Posted 30th May 2008 | No Comments

Brown makes climate change top of his agenda

Richard Brown, chief executive of Eurostar UK Ltd

EUROSTAR chief Richard Brown has taken over as head of one of Britain’s leading professional transport bodies – and declared climate change as his most important theme.

For the next year, Richard Brown, chief executive of Eurostar UK Ltd, is president of the Chartered Institute of Logistics and Transport (UK).
He is the first president of CILT to come from the rail industry since the Chartered Institute of Transport and the Institute of Logistics merged a
decade ago, when John Welsby, British Rail’s last chairman, was president of the CIT.

Speaking at a lunch to mark his inauguration, Mr Brown revealed three major themes for his presidential year – giving greater emphasis to the passenger transport sector, bringing young people into the rail industry and, “most important of all”, climate change.

Transport accounted for 25 per cent of all greenhouse gas emissions, said Mr Brown, and climate change was a “classic opportunity” for the transport and logistics industry.

Already this year, he said, National Express and First Group had announced big plans to reduce emissions by trains and buses, while Stagecoach planned a tree-planting project to offset emissions from buses in Scotland.

He also announced that a module on climate change was to be introduced into all CILT (UK) education and training programmes.

‘More tax on what we burn – less on what we earn’

Chief guest at Richard Brown’s inauguration was Steve Norris, former Tory transport minister during rail privatisation and now executive chairman of Jarvis plc.
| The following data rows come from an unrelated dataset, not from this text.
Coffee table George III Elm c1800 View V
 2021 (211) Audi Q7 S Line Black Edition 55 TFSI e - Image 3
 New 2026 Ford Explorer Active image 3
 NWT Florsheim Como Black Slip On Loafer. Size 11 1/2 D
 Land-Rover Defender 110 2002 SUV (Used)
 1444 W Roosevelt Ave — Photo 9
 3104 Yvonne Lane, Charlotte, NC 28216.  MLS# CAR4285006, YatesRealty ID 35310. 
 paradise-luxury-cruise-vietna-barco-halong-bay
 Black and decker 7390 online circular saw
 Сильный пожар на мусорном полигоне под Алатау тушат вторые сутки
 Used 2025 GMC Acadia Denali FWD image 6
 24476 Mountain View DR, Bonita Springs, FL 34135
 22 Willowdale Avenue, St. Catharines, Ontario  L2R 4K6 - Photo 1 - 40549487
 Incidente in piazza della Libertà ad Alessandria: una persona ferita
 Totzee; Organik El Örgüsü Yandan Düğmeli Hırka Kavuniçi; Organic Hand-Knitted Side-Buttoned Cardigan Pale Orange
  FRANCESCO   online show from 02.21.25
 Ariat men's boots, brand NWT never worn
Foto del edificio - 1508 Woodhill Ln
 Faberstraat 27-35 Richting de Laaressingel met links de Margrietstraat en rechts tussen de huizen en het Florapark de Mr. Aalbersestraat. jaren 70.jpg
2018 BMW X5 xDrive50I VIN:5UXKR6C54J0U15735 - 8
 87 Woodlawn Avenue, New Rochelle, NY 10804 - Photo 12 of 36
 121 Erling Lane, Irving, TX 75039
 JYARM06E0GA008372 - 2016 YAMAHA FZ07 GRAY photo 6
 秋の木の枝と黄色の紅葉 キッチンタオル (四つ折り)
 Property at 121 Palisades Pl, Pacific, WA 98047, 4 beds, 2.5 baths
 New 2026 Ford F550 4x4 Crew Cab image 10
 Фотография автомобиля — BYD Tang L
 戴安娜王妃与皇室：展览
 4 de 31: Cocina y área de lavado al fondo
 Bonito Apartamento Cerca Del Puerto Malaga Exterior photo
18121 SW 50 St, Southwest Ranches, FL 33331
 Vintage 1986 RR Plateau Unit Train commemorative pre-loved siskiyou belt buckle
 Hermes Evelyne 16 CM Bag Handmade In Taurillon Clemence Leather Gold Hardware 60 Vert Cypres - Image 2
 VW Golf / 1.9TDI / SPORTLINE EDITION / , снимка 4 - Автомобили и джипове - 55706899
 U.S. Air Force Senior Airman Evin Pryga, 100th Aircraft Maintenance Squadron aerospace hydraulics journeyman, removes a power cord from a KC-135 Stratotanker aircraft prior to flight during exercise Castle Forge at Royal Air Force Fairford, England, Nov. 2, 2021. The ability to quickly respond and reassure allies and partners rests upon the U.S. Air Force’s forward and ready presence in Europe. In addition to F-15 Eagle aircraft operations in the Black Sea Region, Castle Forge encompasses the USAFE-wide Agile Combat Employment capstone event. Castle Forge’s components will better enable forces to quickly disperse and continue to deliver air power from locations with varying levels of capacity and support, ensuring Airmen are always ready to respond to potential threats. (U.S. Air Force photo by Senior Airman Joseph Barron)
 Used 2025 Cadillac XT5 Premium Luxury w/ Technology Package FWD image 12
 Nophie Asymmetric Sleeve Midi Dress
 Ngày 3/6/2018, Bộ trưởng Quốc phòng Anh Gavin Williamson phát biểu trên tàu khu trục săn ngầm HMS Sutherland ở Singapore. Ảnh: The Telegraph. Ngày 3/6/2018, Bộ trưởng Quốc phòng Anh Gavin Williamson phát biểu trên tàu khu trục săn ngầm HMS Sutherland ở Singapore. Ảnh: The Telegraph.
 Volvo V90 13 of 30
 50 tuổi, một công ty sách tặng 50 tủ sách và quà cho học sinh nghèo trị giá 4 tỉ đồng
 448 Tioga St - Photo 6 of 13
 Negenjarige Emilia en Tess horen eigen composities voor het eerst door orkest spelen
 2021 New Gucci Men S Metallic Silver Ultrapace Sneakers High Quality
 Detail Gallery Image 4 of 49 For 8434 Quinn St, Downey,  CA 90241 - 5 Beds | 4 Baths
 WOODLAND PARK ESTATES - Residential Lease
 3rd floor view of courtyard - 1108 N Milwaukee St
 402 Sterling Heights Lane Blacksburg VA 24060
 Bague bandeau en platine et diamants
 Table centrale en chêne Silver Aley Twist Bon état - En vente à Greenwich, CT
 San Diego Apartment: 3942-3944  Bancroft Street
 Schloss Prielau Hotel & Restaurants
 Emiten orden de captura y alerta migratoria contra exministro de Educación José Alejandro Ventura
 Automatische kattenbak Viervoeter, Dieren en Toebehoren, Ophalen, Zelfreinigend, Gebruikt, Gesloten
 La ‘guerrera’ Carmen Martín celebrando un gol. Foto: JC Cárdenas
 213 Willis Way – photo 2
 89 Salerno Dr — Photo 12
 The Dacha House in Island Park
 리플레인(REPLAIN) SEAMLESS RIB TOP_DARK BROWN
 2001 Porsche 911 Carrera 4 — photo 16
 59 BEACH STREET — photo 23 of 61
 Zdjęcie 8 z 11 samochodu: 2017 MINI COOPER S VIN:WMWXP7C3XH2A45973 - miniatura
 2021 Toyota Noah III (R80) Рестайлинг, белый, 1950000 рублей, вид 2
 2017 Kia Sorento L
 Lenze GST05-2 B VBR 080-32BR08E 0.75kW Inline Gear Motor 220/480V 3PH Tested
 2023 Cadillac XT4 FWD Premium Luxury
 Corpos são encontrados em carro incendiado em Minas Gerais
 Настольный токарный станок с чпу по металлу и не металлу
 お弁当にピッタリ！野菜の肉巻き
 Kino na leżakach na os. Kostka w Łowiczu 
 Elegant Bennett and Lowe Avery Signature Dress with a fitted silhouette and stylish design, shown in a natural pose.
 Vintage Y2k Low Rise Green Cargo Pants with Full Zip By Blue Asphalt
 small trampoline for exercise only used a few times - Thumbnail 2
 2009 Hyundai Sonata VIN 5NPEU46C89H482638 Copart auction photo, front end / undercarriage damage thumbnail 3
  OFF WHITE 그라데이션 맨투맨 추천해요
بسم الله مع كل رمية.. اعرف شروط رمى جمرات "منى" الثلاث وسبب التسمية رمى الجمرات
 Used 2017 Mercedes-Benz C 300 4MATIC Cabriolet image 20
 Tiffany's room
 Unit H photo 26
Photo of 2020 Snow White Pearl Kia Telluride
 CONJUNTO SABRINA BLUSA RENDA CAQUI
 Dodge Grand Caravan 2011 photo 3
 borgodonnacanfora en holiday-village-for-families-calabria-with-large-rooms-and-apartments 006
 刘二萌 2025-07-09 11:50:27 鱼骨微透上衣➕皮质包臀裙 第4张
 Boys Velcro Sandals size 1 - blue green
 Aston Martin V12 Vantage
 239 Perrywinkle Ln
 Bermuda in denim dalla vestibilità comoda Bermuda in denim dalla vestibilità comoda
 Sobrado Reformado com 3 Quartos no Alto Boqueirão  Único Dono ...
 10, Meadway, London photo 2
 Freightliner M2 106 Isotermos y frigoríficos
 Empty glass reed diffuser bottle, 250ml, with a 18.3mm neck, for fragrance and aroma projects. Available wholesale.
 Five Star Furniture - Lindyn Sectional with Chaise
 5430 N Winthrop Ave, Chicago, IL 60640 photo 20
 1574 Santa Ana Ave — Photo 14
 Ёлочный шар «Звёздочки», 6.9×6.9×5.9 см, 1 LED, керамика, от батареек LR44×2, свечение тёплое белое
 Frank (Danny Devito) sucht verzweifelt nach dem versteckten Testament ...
He outlined possible future Conservative government policy for rail, general transport and taxation.

“Transportation has moved massively up the political agenda. The debate has moved in a seismic way – from being about concrete and tarmac to Oyster cards and GPS.

“We have moved from the challenge of pollution and congestion to the issue of climate change.”

Transport accounted for about 25 per cent of UK domestic emissions. “The rub is that transport is the only sector that is still growing its emissions,” said Mr Norris, adding that government targets had been missed and traffic congestion had increased.

Legislation had a role to play in combating climate change and—hinting at possible future Tory policy—he said taxation needed to change.

“We need to tax more of what we burn, and less of what we earn. Switching taxation will relieve pressure on taxing social goods, which is a deterrent to social developments.”

A changed policy would mean less attention to road widening – which anyway was “pretty poor value for money,” he claimed.

Mr Norris said there needed to be more inter-city rail, which was clean, efficient and more reliable, as well as large investment in railway infrastructure. “These are the sort of ways, in the 21st century, we should be grappling with new transport policies and dynamics.”